Composé d'une dizaine de groupes représentant plusieurs milliers de personnes, le Réseau de vigilance de la Gaspésie et des Îles-de-la-Madeleine joint ainsi sa voix à celle de la Coalition opposée à la tarification et à la privatisation, un mouvement national qui a manifesté à Montréal jeudi.
Le Réseau de vigilance et la Coalition proposent au gouvernement Charest de choisir un train de mesures qui pourraient rapporter 9 milliards$ dans les coffres de l'État, amplement, disent-ils, pour éviter l'imposition de la taxe santé, la hausse des droits de scolarité et des tarifs d'électricité.
Prenant l'exemple de la taxe santé, Marie-Thérèse Forest, de la Table de concertation des groupes de femmes Gaspésie-Îles-de-la-Madeleine, affirme qu'il est aberrant de constater que les riches paient le même montant que les pauvres. «On paie la taxe santé quand on gagne plus de 14 000 $. Si vous gagnez 14 001 $, vous payez le même montant que Pierre Karl Péladeau!»
«C'est un impôt régressif, alors qu'il devrait être progressif [...]. L'impôt régressif est un recul social. Il devrait être en proportion du revenu gagné», assure de son côté Geneviève Roussy, du Syndicat des travailleurs de l'éducation de l'Est-du-Québec.
Gaspésie pénalisée
Elle pourfend du même souffle la hausse des droits de scolarité. «Le coût du baccalauréat passera de 6504 $ à 11 379 $ en cinq ans. C'est une hausse de 75 %. L'effet sera de décourager les enfants des familles plus pauvres de poursuivre leurs études.»
Marie-Thérèse Forest rappelle en outre que les femmes et les familles de la Gaspésie, où il n'y a pas d'université, sortiront doublement perdantes de cette hausse des droits de scolarité, «parce qu'il faut aussi payer l'hébergement, les repas et les frais de déplacement».
Cindy Delarosbil, qui travaille dans un comptoir de dépannage alimentaire à Paspébiac, constate l'érosion du budget des gens. «La pauvreté augmente.
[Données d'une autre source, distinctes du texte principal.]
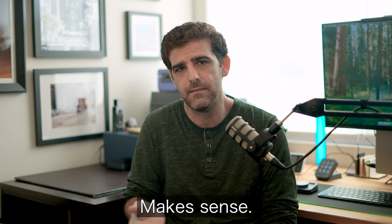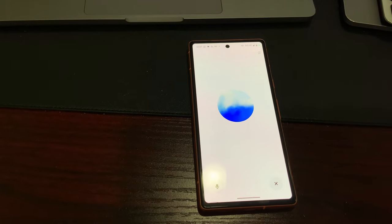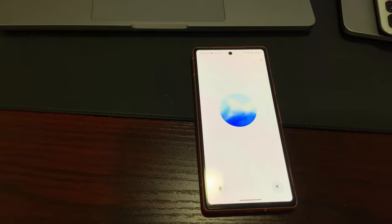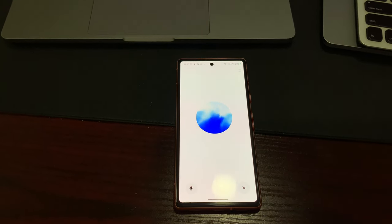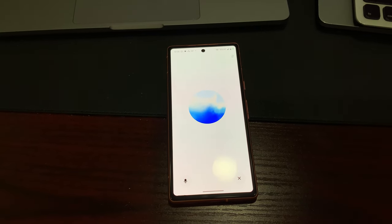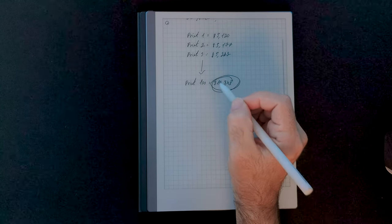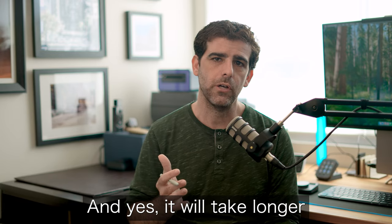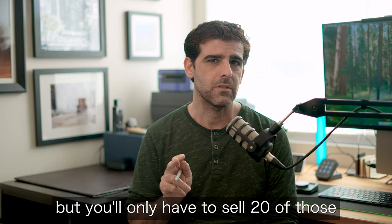I used ChatGPT for that, so it must be correct — and it makes sense that the last piece costs so much more, right? Supply and demand, just like any product. Yes, it will take longer to sell prints for $5,000, but you'll only have to sell 20 of those and not 360. It's a big difference.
Il y a de plus en plus de demande dans les comptoirs alimentaires, et elle touche de plus en plus des travailleurs, pas seulement des gens sur l'aide sociale.»
Les solutions de rechange existent pourtant, signalent les porte-parole. L'ajout d'un seul palier d'imposition pour les gens déclarant des revenus supérieurs rapporterait 950 millions$ à l'État. Une modulation des taxes à la consommation selon les biens achetés pourrait aussi générer des revenus de 745 millions$.
Une révision de la fiscalité des entreprises rapporterait 1,4 milliard$ annuellement, tandis que l'adoption de mesures de contrôle du coût des médicaments entraînerait une épargne de 1 milliard$.
Le Réseau demande aux députés Georges Mamelonet, de Gaspé, Germain Chevarie, des Îles-de-la-Madeleine, et Damien Arsenault, de Bonaventure, de commenter leurs propositions d'ici le budget de mars.